Why does DENR want Boracay settlers out?

By Herbert Vego

 

WHILE listening to Kalibo-based Radyo Todo yesterday, I chanced upon Rhodel Lababit – community environment officer of Malay, Aklan – being interviewed by broadcaster Jonathan “Idol” Cabrera on his directive giving informal settlers of Boracay Island 15 days to demolish and vacate their homes.

With the exception of the more fortunate, most of the settlers had resisted the order due to the failure of the local government to provide them with a relocation, hence contrary to the so-called Lina Law (RA 7279), which calls for the provision of relocation sites for evicted informal settlers.

Cabrera asked whether Lababit had coordinated with either the Aklan provincial government or the Malay municipality.

“No” was the answer.

“Yes,” Lababit admitted that his office, the Community Environment and Natural Resources Office (CENRO), was expecting a visit from his boss, Department of Environment and Natural Resources (DENR) Secretary Roy Cimatu.

What they had coordinated with was the National Bureau of Investigation (NBI) in order to arrest violators of the eviction order.

He could not fully explain why DENR was in such a hurry to drive away the homeowners.

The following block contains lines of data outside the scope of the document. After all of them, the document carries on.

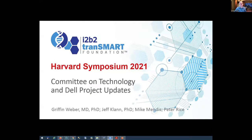Welcome back, everyone. We're in our final stretch of the day with a lot of great talks. We're going to get into some of the technical details now and roadmaps of our products. I'm going to start off with a quick overview of our Committee on Technology, and then closely related to that is our Dell project. After I do the overview, Jeff Klan and Mike Mendez will go into more details, followed by our product roadmaps.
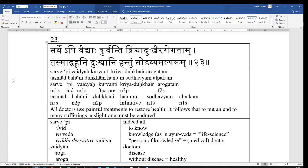That is emphatic in the sense, not just all doctors, but like every single doctor. Sarvepi Vaidhya. It usually means also, even. But here it's just the emphatic, not just every doctor, but every single doctor. There is not a doctor who doesn't.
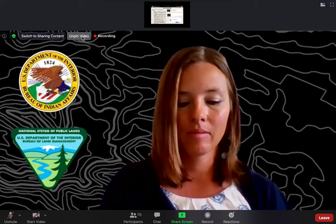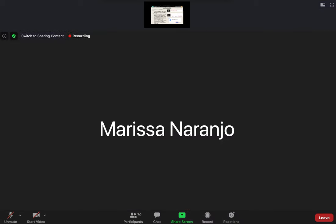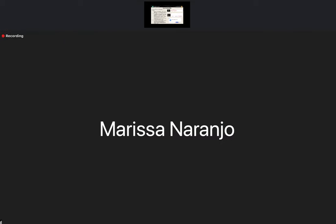Good morning again. My name is Marissa Naranjo. I serve as the Policy Coordinator for the All Pueblo Council of Governors, or APCG. I've been authorized to make the following comments on behalf of APCG. Our APCG leadership right now is not available to attend today because they remain focused on addressing the COVID-19 public health emergency.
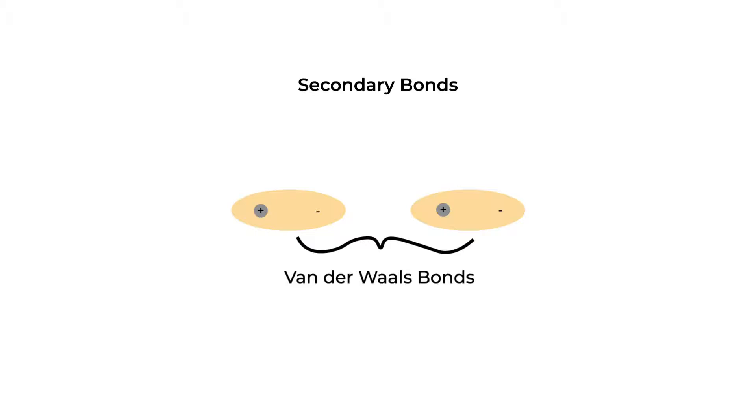Van der Waals bonds occur between dipoles within uncharged atoms or molecules. A dipole exists when there is a separation of positive and negative portions within a compound or molecule, like shown here. As we saw in our ionic bonds, a negative and positive charge lead to coulombic attraction.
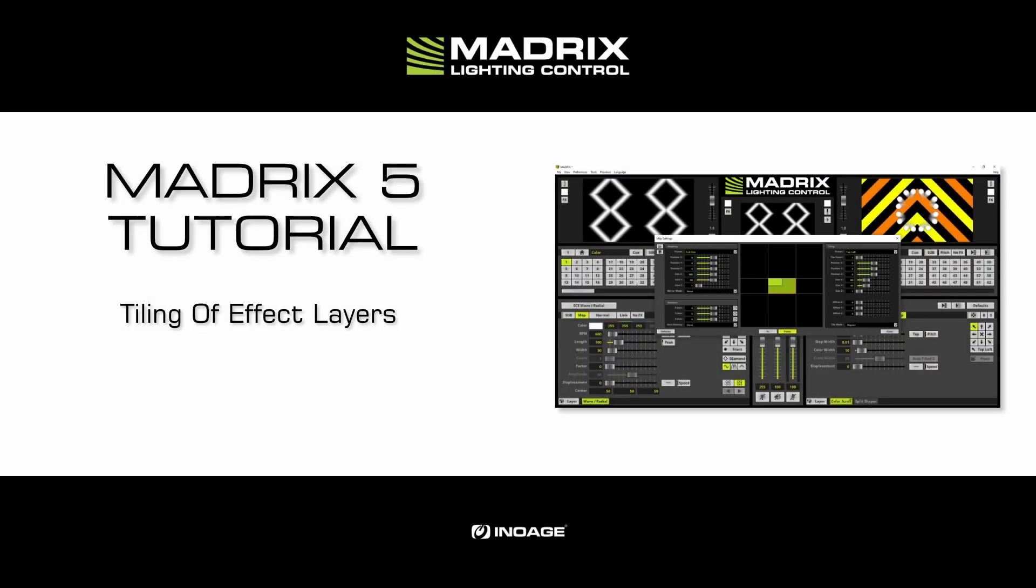Hello and welcome to this tutorial. My name is Thilo. In this tutorial we will have a look at how to use the tiling option for matrix effect layers.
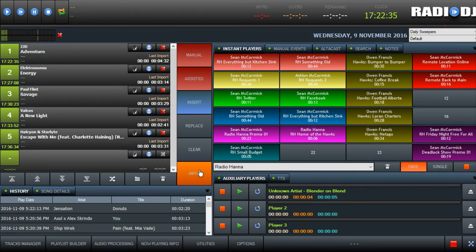Okay, and that's a quick example of what it's like to run a remote system for Radio Hanna using Radio DJ. Thank you so much for watching. We hope this video was helpful. Have a great day. Have a great week. Bye.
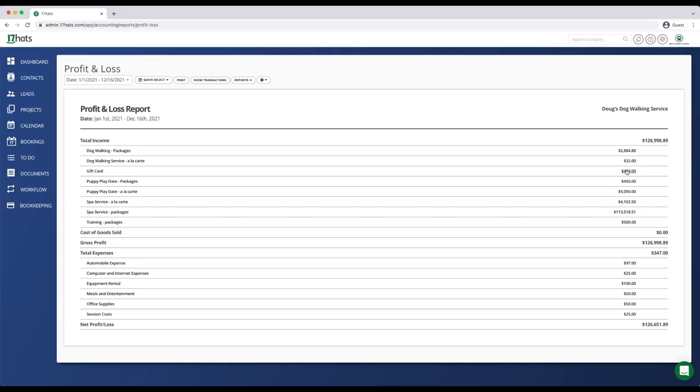Clearly defining your revenue streams and creating income categories around those revenue streams gives you incredible insight into your most popular products and services, allowing you to best focus your time and efforts to really grow your business.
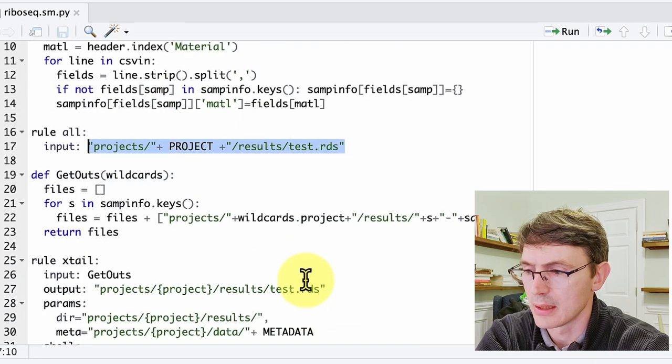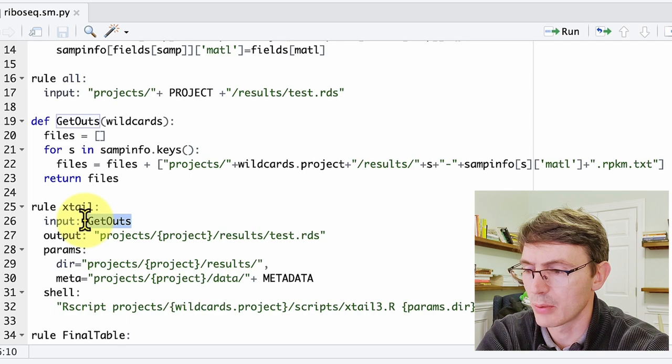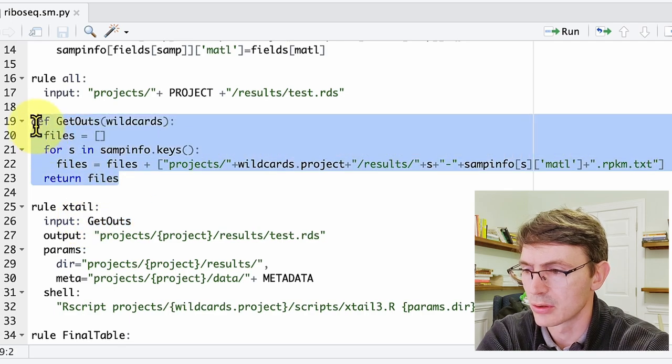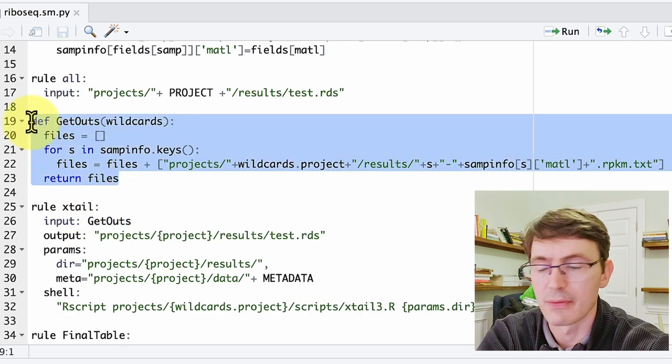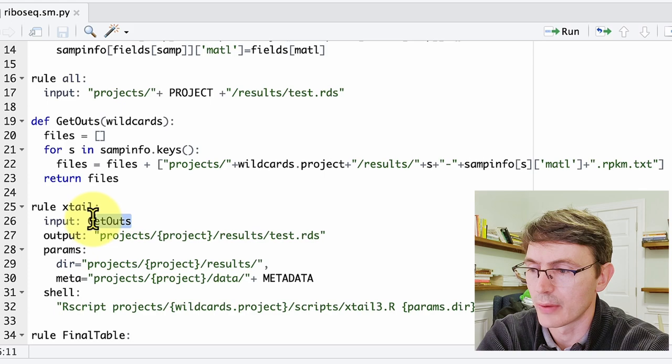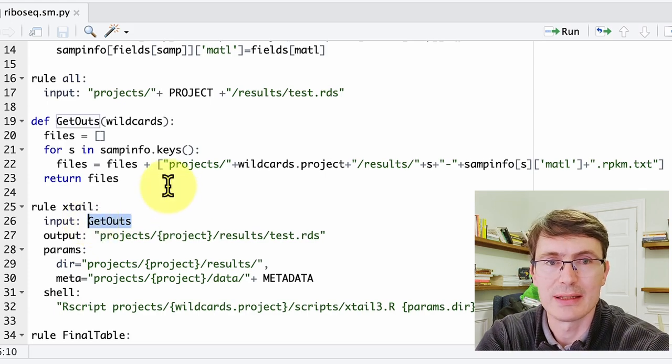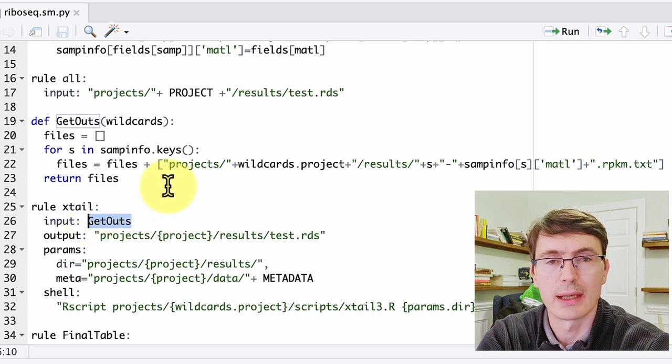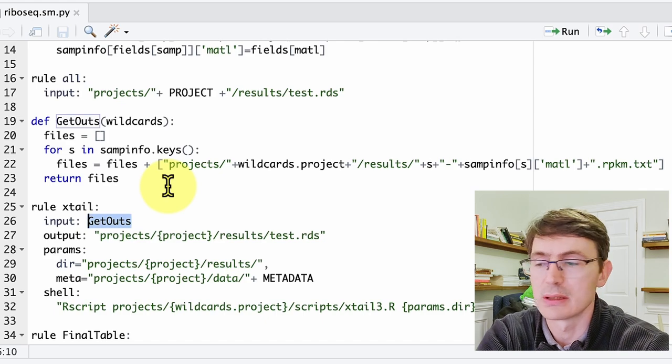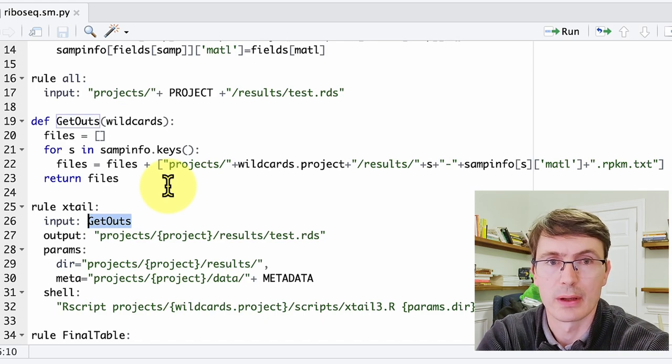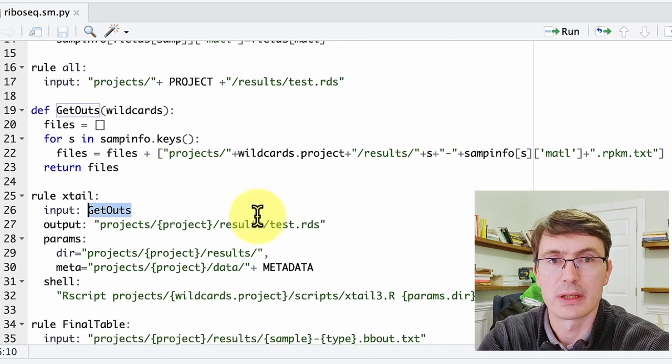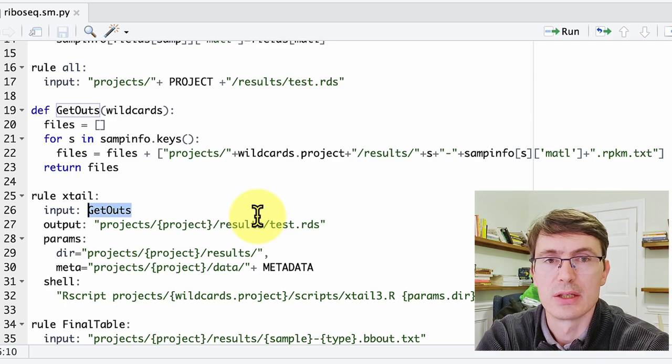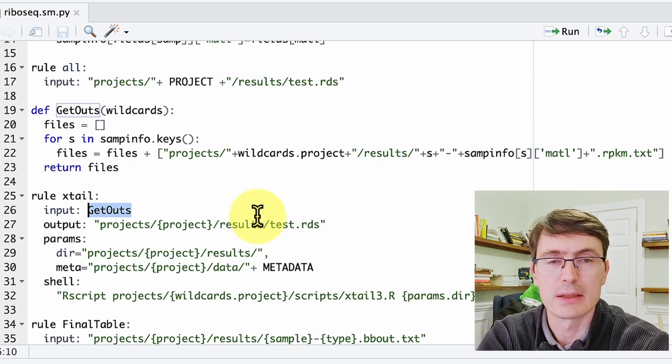Right, so now let's move to the second rule starting from the end, this ExtAil rule. But before that, we have to deal with this function here that is the function that defines the inputs of ExtAil. So this function generates the list of all the count tables that will be fed into this ExtAil rule and ExtAil program. The first thing to note is that this function generates a list of files, and the second one is that it's taking wildcards as a parameter.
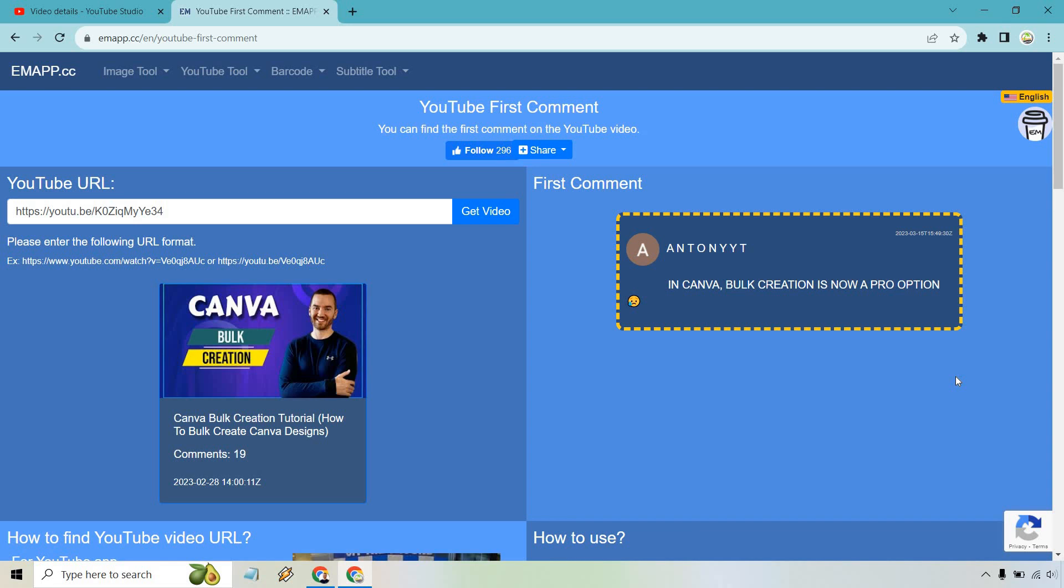This is a helpful method if you're running a contest for the first person to comment on an upcoming video. There will be many people commenting at once if they know what's happening, and especially if you have a really big channel or want to figure out who commented first on someone else's big channel, this website will really help you.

“Their eviction is long-overdue,” Lababit reasoned out, recalling the year 2018 as the first time his office notified the settlers.

How cruel naman!

Cabrera also played his previous day’s interviews with the threatened settlers, most of whom had been making a living in Boracay for decades.

“We are willing to vacate, but how?” a worried resident asked. “We have no relocation cites and no money to rebuild our homes. I have been jobless for eight months.”

The informal settlers, Cabrera said, were appealing to Malacañang for “intervention”.

We can’t blame them for pinning too much hope on the Lina Law for government assistance. Moreover, they probably think they could avail themselves of a portion of the P25.26-billion Boracay Action Plan (BAP) as approved by President Duterte.

It was in June 2019 when the National Economic and Development Authority (Neda) announced that it was ready to implement the BAP out of pooled funds from government agencies and the private sector.

A news report on BAP revealed that it would complete the island’s rehabilitation and continue its sustainable tourism development program.

What remains unclear to the informal settlers is what the government would do with their vacated lots.

The COVID-19 pandemic has obviously set back the timetable for whatever intentions the national government had to develop the island. But more than a year before the pandemic, President Duterte had ordered its six-month clean-up closure.

This writer remembers that in July 2017, there were newspaper reports on two foreign casino operators – AB Leisure Global Inc. and Galaxy Entertainment Group — interested in opening a casino in Boracay.

But “change” must have come in this time of COVID where foreign tourists are unwanted.

Sey n’yo, Governor Joeben Miraflores and Mayor Frolibar S. Bautista?

Abangan ang susunod na kabanata.

 

-oOo-

 

RESELLING ELECTRICITY DOES NOT PAY

The “Jumper Mo, Noche Buena” Christmas offer of MORE Electric and Power Corp. appears to be producing results that uphold the dictum, “Crime does not pay”.

The “promo” invites residents of Iloilo City to report the names and addresses of people engaged in reselling pilfered electricity to at least five households in exchange for a reward of P3,000 cash. That amount would surely suffice to splurge on a Noche Buena feast for the winner’s family.

Hundreds of respondents have called MORE cell phone number 0917-5867377 (JUMPERS) to report. Their identities, however, will remain confidential.

The “Jumper Mo, Noche Buena” promo, aimed at curbing power pilferage, will last until December 24 (not Dec. 20 as earlier announced.)